Authorized but Unissued Shares
The authorized but unissued shares of Common Stock are available for future issuance without stockholder approval. These additional shares may be used for a variety of corporate purposes, including public offerings to raise additional capital, corporate acquisitions and employee benefit plans. The existence of authorized but unissued and unreserved Common Stock could also render more difficult or discourage an attempt to obtain control of the Company by means of a proxy contest, tender offer, merger or otherwise.
The By-Laws provide that the stockholders may call a special meeting of stockholders only upon the request of at least 25% of the holders of issued and outstanding Common Stock entitled to vote. This provision could delay a stockholder vote on certain matters, such as a business combination or removal of directors, and could have the effect of deterring a change in control of the Company. Stockholders may take any action required or permitted to be taken at any special meeting of stockholders by written consent without a stockholder meeting.
Requirements for Advance Notice of Stockholder Proposals and Nominations at Meetings
The By-Laws contain advance notice requirements that the Company’s stockholders must meet before submitting proposals or director nominations to be considered at stockholder meetings.

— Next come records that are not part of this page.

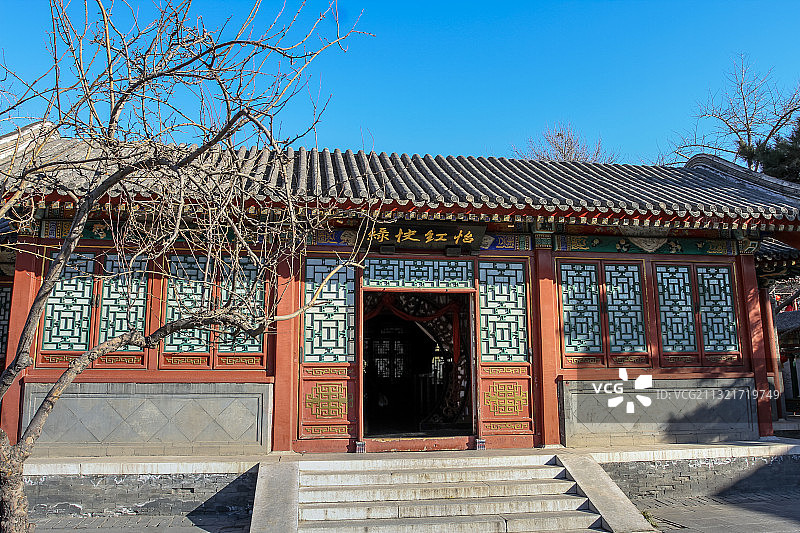 北京大观园怡红院贾宝玉红楼梦图片素材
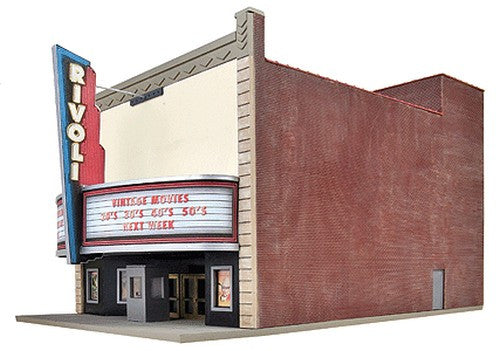Walthers Cornerstone  HO 933-3771  Rivoli Theater kit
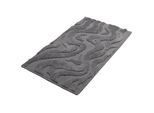 Badematte OTTO HOME "Wave, Badvorleger, Badezimmer Teppich", grau, H:10mm, Polyester, Badematten, Badematte, Hoch-Tief-Effekt, modernes Muster, Welle, Badteppich, Duschvorleger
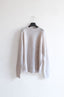 Cashmohair boyfriend sweater - Light beige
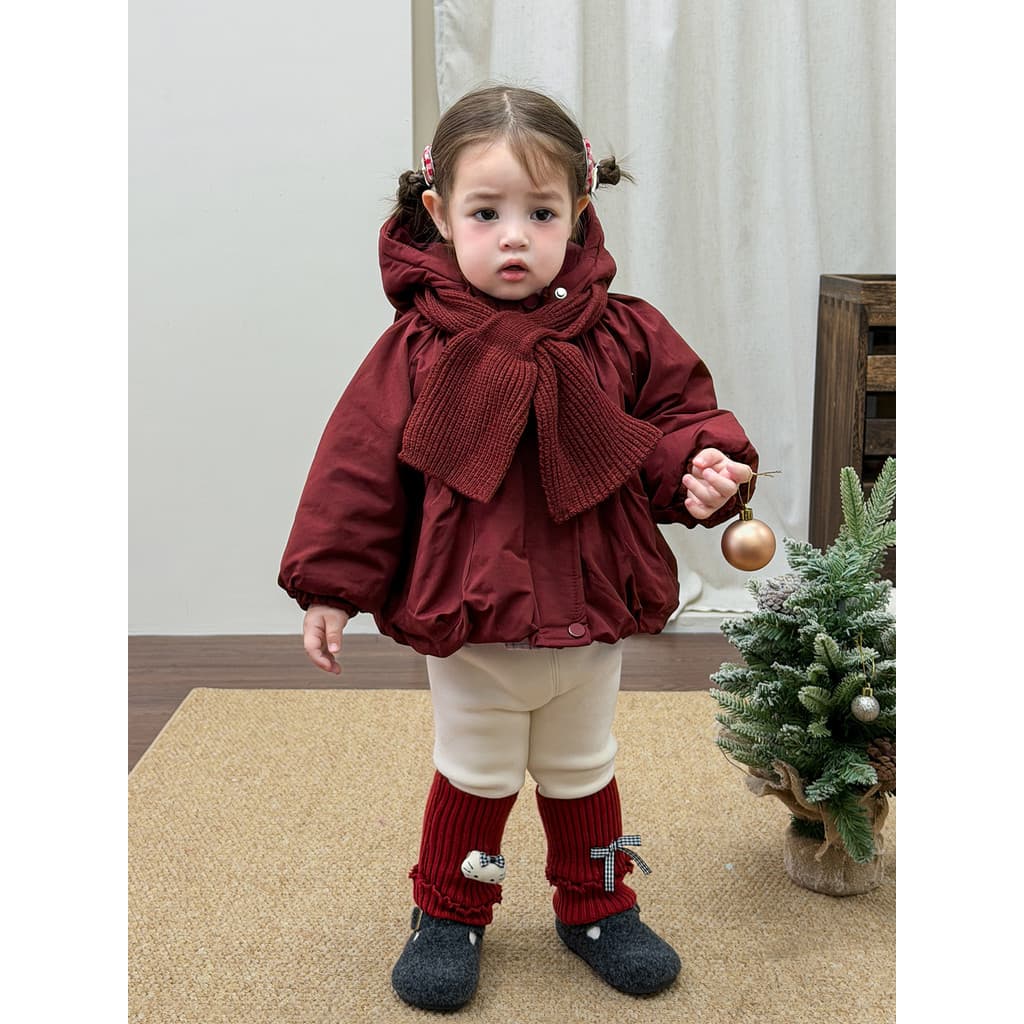 Cane Pear Roupas Infantis Meninas Jaqueta 2025 Estilo Ocidental Acolchoado Engrossado Roupas de Algodão Quente Roupas de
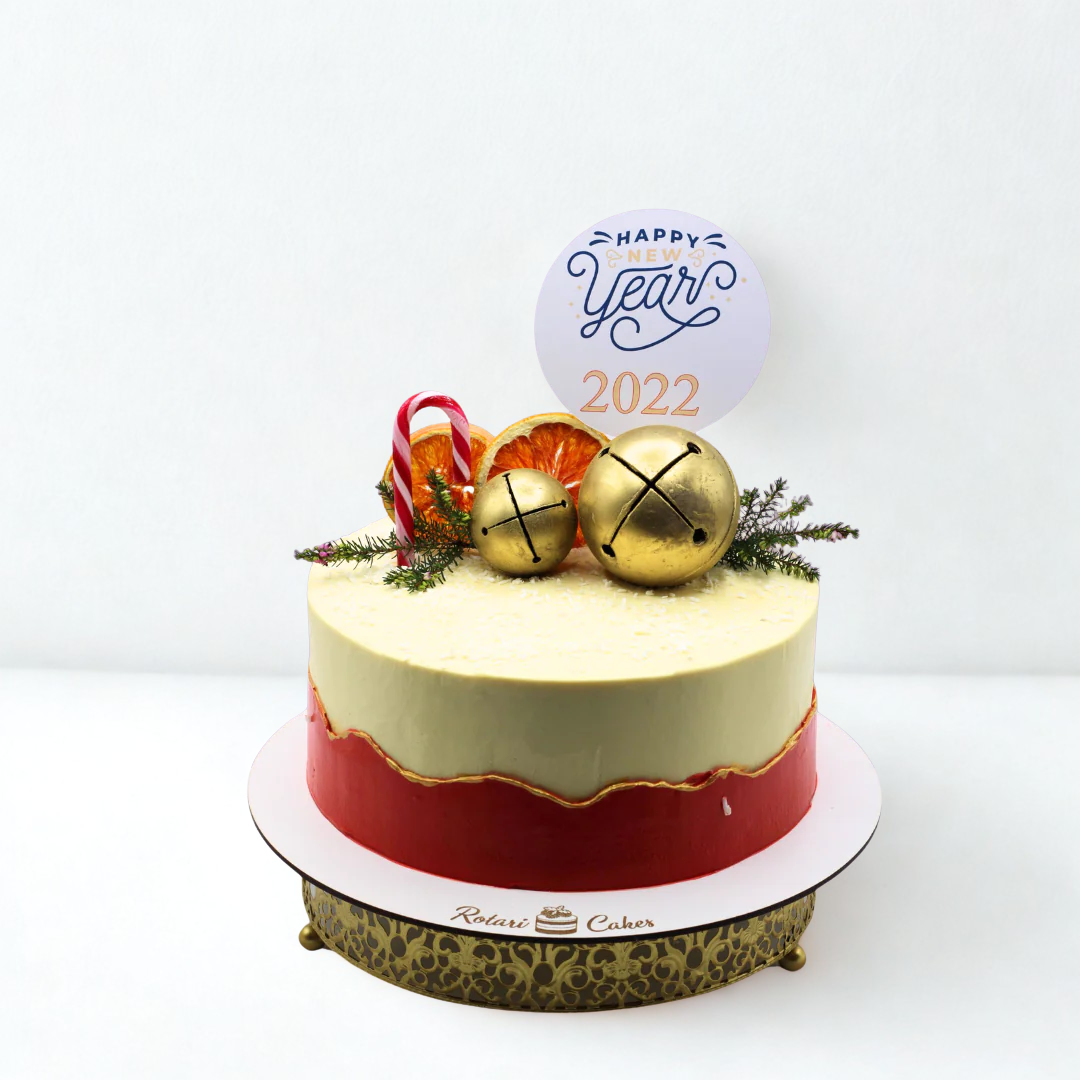 orange cruch cake for celebration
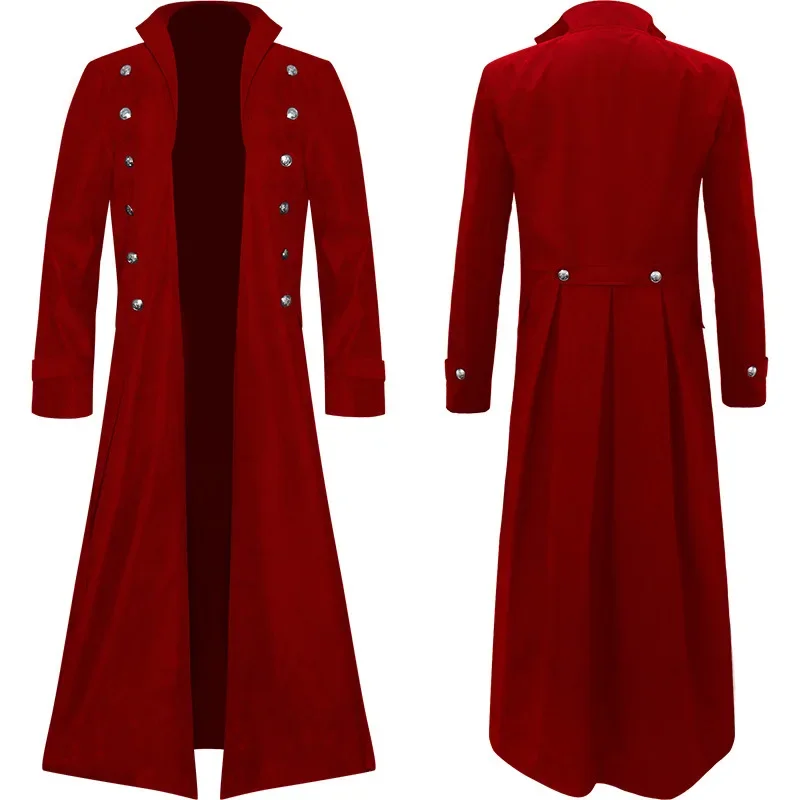 Vintage Halloween Medieval Frock Coat Steampunk Assassin Pirate Costume Adult Men Women Red Long Jacket Gothic Tailcoat
Vintage Halloween Medieval Frock Coat Steampunk Assassin Pirate Costume Adult Men Women Red Long Jacket Gothic Tailcoat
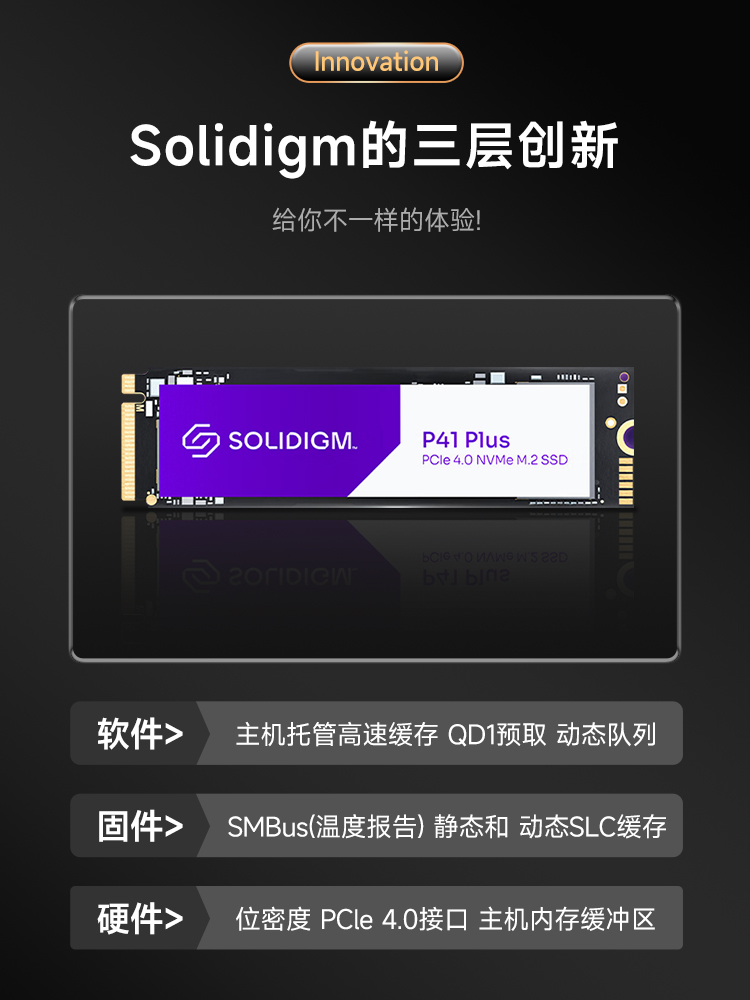 Solidigm海力士512G 1T2T SSD固态硬盘M2 P41 PLUS笔记本电脑硬盘 - 图1
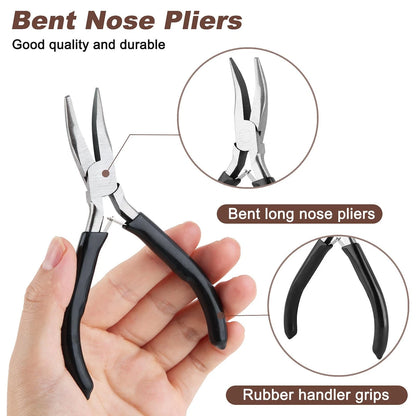 Ausbond 1200Pcs Silver and Gold with Pliers Jump Rings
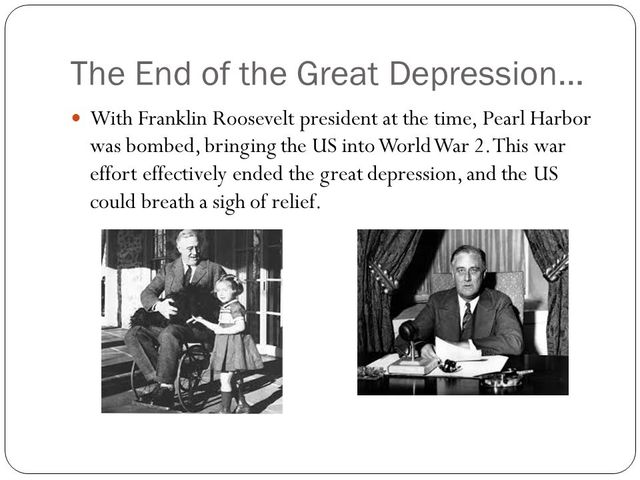 Great Depression Ended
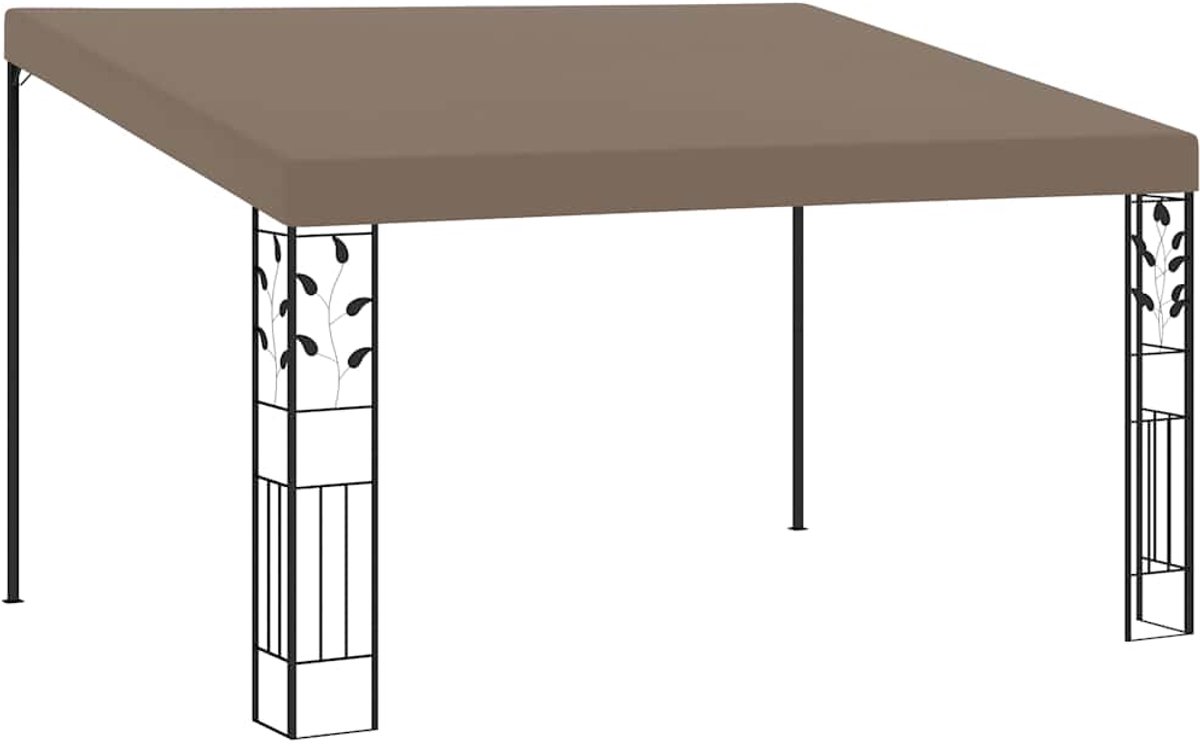vidaXL-Wandprieel-4x3x25-m-taupe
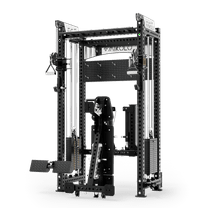 MIKOLO ANUBIS Power Cage, All-in-One Power Rack Cage with Weight Stack, 2000LBS Power Cage Squat Rack, Dual Pulley Cable Crossover System for Home Gym with Weight Bench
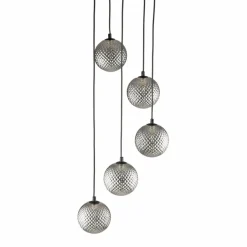 Clearance Dekoracyjna lampa wisząca do salonu loft TK 5747 z serii ELENA | Kaja Żyrandole Nowoczesne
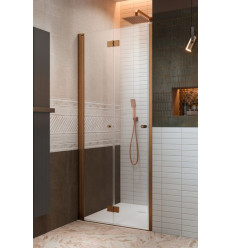 Drzwi prysznicowe 70 Nes Brushed Copper DWB Radaway (10029070-93-01L)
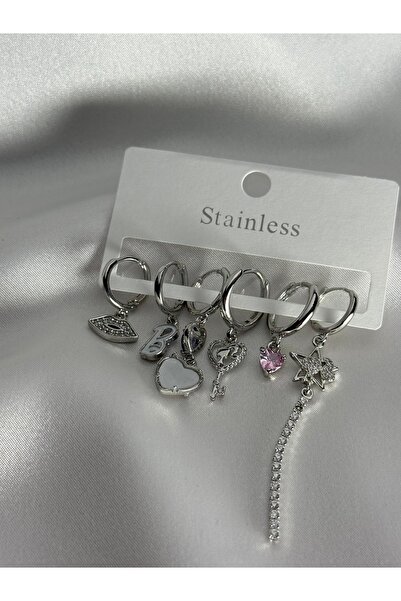 stainless steell SACHKA Stainless Steel Çoklu Küpe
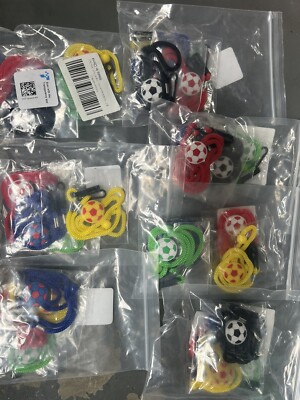 Kids Soccer Mask Extenders Pack Of 5 Various Colors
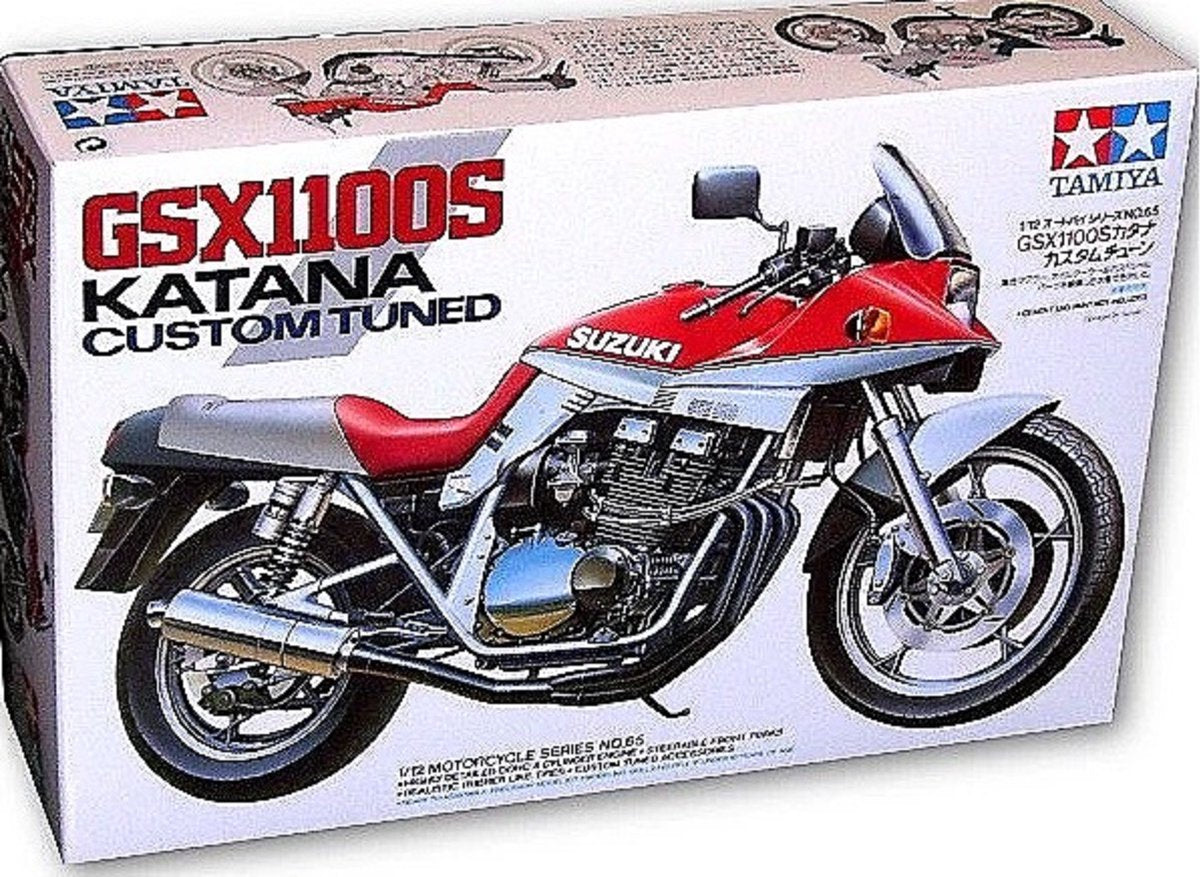Tamiya 1:12 gsx1100s katana tilpasset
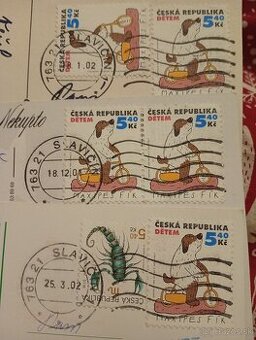 Ponúkam použite poštové známky maxipes fik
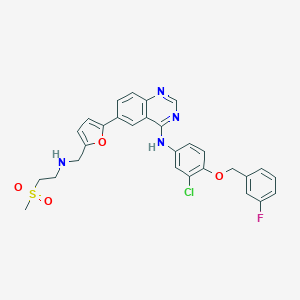 molecular formula C₂₉H₂₆ClFN₄O₄S B000449 拉帕替尼 CAS No. 231277-92-2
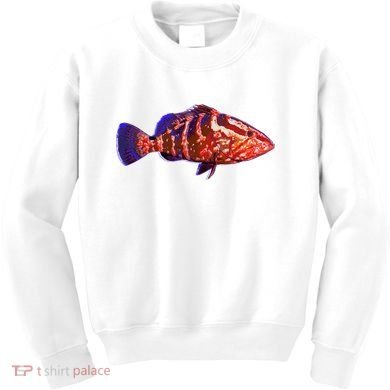 Wildlife Funky Grouper Kids Sweatshirt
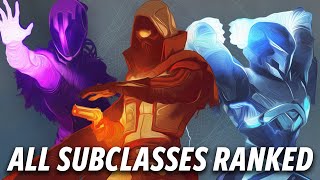 Destiny 2 - PvE Subclass TIER LIST! (2022)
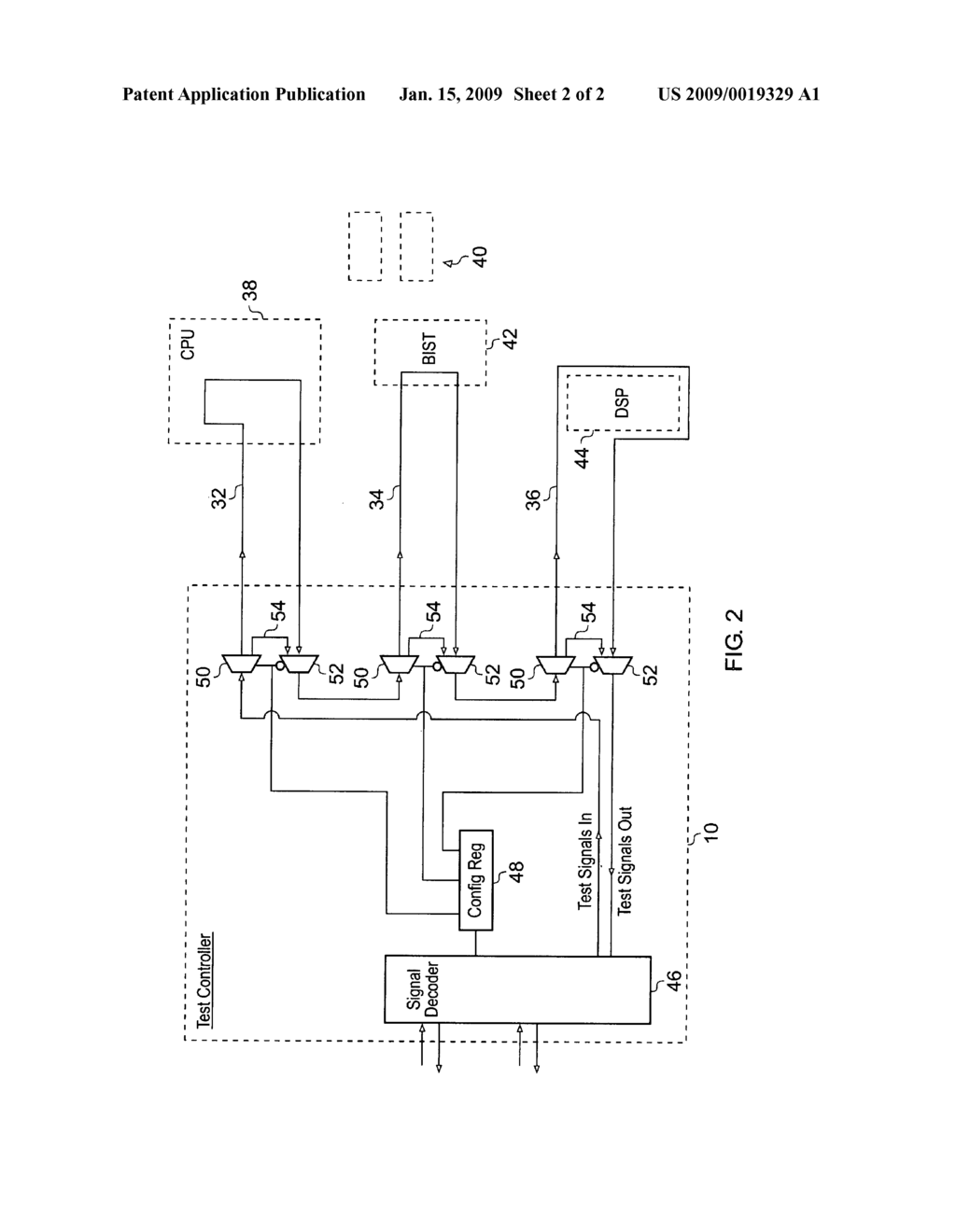 Serial scan chain control within an integrated circuit - diagram, schematic, and image 03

As more fully described in the By-Laws, only such business may be conducted at a stockholder meeting as has been brought before the meeting by, or at the direction of, the Board of Directors or by a stockholder who has given the Company’s Secretary timely written notice, in proper form, of the stockholder’s intention to bring that business before the meeting. In addition, only persons who are nominated by, or at the direction of, the Board of Directors or who are nominated by a stockholder who has given timely written notice, in proper form, to the Company’s Secretary prior to a meeting at which directors are to be elected will be eligible for election to the Board of Directors. To be timely, a stockholder’s notice regarding a proposal or director nomination to be brought before an annual meeting must generally be delivered to the Company’s Secretary not later than the close of business on the 90th day and not earlier than the close of business on the 120th day prior to the first anniversary of the preceding year’s annual meeting. If the Company calls a special meeting of stockholders for the purpose of director elections, or if the date of the annual meeting is advanced by, or delayed by, more than 30 days from the date of the preceding year’s annual meeting, a stockholder’s notice of director nominations will be considered timely if the stockholder delivers the notice to the Company’s Secretary not later than the close of business on the later of the 90th day prior to the special meeting and the tenth day following the day on which the notice is first given to the stockholder of the date of the special meeting and of the nominees proposed by the Board of Directors, and not earlier than the close of business on the 120th day prior to the meeting. The By-Laws also specify requirements as to the content of a stockholder’s notice. In some instances, these provisions may preclude the Company’s stockholders from bringing proposals or making nominations for directors at stockholder meetings.